§ Work required:
Can you print the data exactly and leave out each image?

§ Recorded information:
···
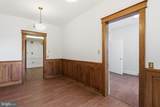 115 W. King Street - Photo 7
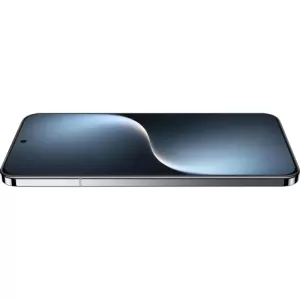 Смартфон Honor Magic 7 12/256Gb Velvet Black Смартфон Honor Magic 7 12/256Gb Velvet Black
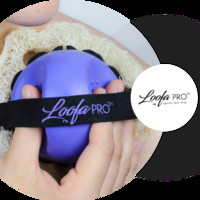 Sponge Employee Loofha Pro's profile photo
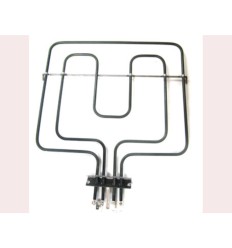 Resistencia grill horno Fagor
···
§ Solution to the exercise:
 115 W. King Street - Photo 7
 Смартфон Honor Magic 7 12/256Gb Velvet Black Смартфон Honor Magic 7 12/256Gb Velvet Black
 Sponge Employee Loofha Pro's profile photo
 Resistencia grill horno Fagor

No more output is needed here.